Provided records ->

_ _ _ _ _

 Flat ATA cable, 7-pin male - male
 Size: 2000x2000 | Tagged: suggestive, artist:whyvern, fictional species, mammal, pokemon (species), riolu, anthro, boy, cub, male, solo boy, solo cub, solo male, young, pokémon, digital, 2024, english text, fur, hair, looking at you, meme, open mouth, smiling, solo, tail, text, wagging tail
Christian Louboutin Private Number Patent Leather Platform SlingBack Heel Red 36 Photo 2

_ _ _ _ _

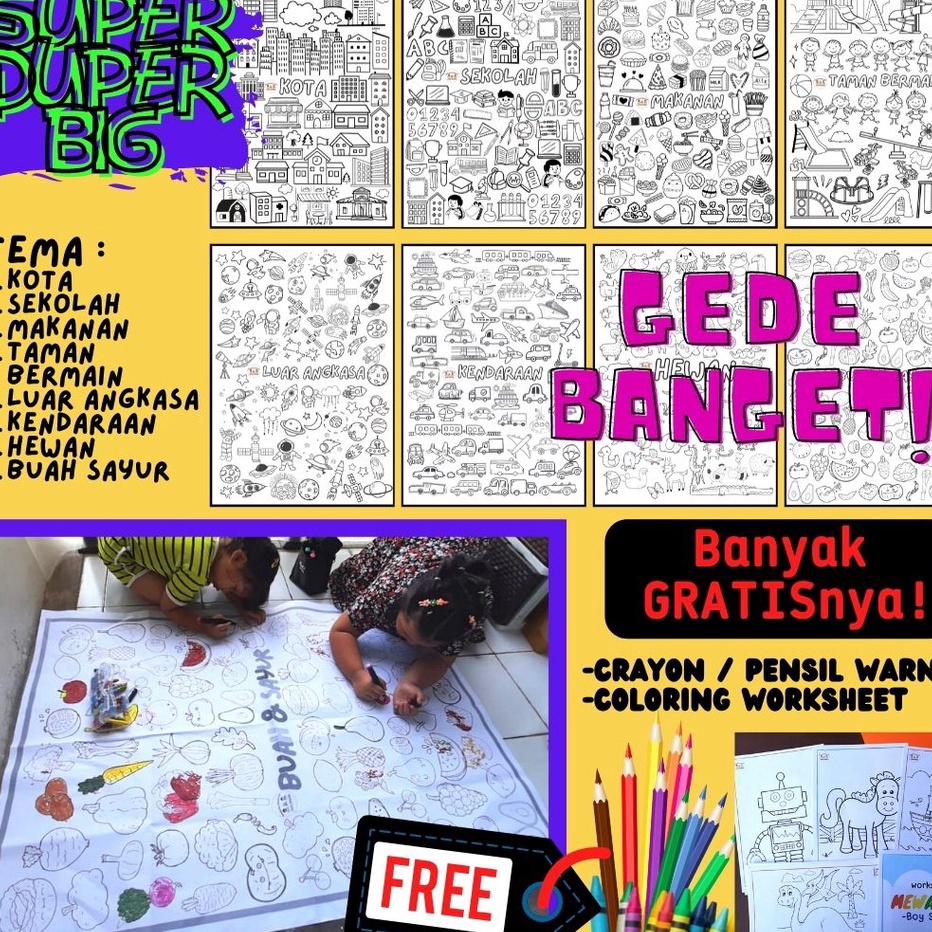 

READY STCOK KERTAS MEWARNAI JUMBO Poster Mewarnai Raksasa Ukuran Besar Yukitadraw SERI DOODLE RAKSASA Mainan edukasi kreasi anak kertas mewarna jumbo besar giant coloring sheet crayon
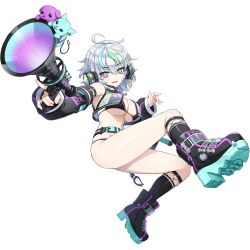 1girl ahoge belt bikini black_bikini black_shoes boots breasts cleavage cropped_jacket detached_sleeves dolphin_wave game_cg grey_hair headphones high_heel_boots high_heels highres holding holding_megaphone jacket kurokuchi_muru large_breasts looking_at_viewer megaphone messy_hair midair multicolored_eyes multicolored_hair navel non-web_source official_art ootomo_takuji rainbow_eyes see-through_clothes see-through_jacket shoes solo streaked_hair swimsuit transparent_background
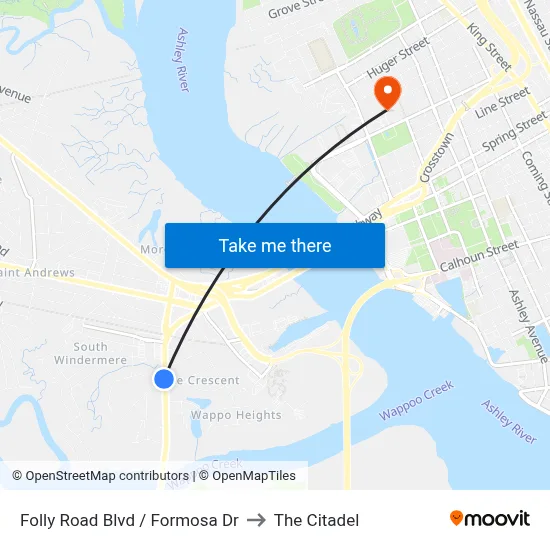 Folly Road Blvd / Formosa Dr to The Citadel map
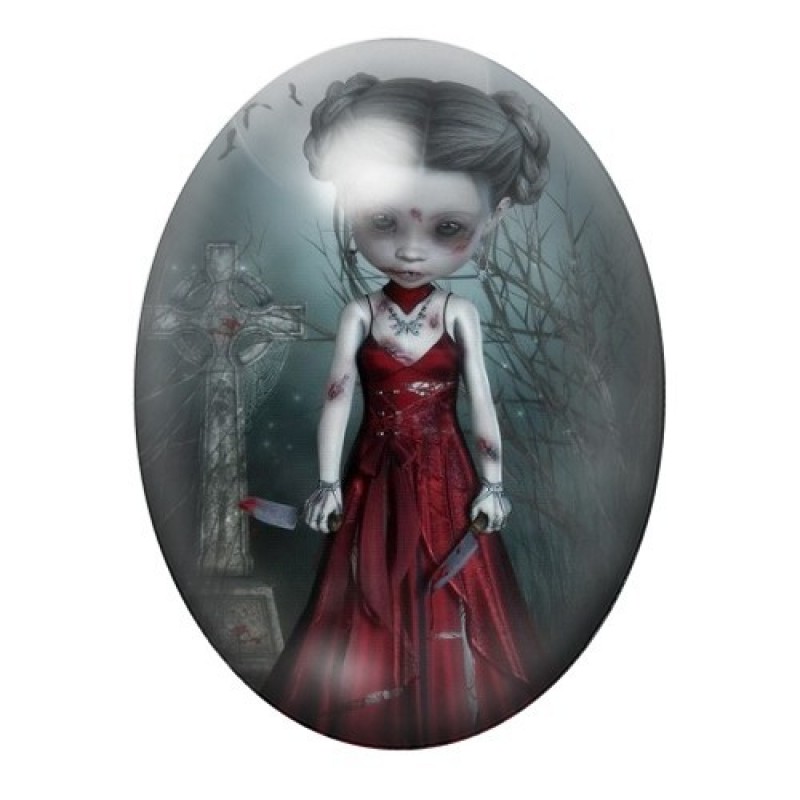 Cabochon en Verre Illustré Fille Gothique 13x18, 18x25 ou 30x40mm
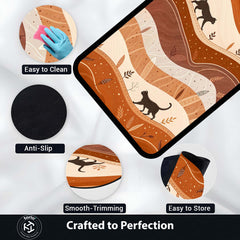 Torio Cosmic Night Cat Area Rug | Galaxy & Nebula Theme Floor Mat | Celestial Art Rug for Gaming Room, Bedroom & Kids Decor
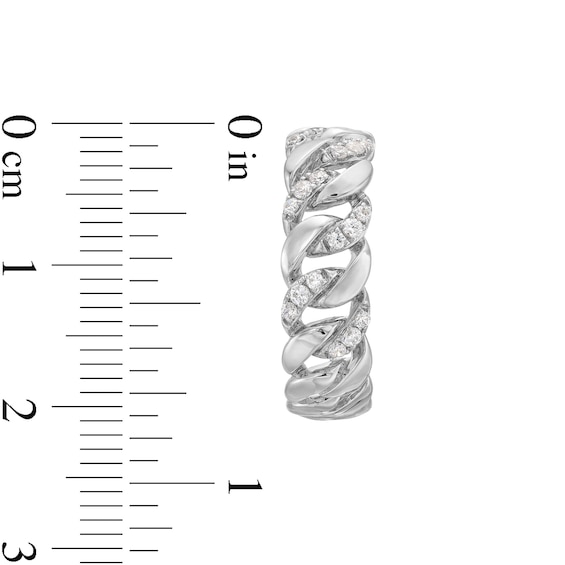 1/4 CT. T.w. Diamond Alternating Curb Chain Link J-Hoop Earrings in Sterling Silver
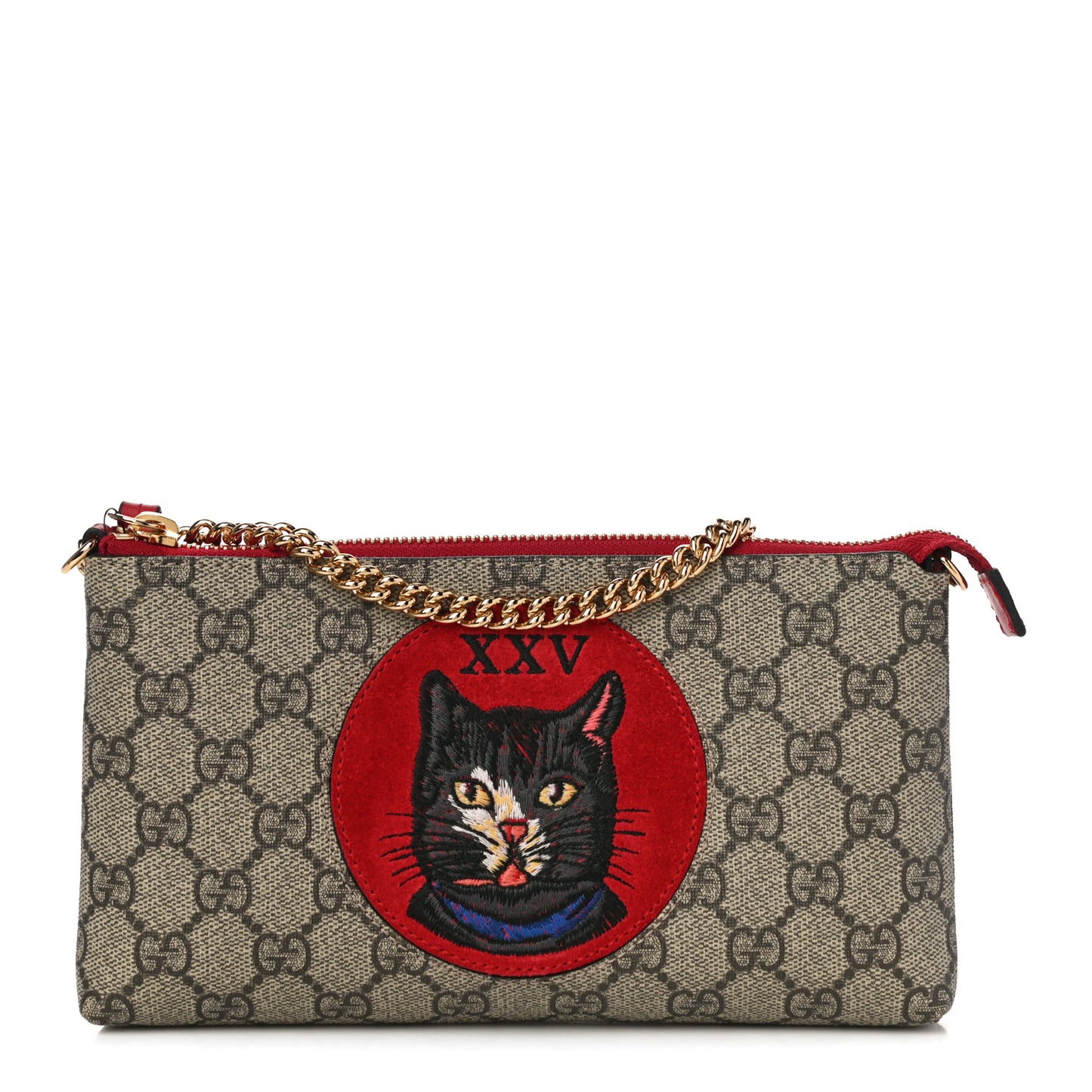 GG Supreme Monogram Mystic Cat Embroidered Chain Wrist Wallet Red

_ _ _ _ _

What you should do -> Return exactly the lines above, from the one with "Cabochon en Verre" up to and including the one with "1/4 CT. T.w.", and include no pictures.

Written answer ->
 Cabochon en Verre Illustré Fille Gothique 13x18, 18x25 ou 30x40mm
 Torio Cosmic Night Cat Area Rug | Galaxy & Nebula Theme Floor Mat | Celestial Art Rug for Gaming Room, Bedroom & Kids Decor
 1/4 CT. T.w. Diamond Alternating Curb Chain Link J-Hoop Earrings in Sterling Silver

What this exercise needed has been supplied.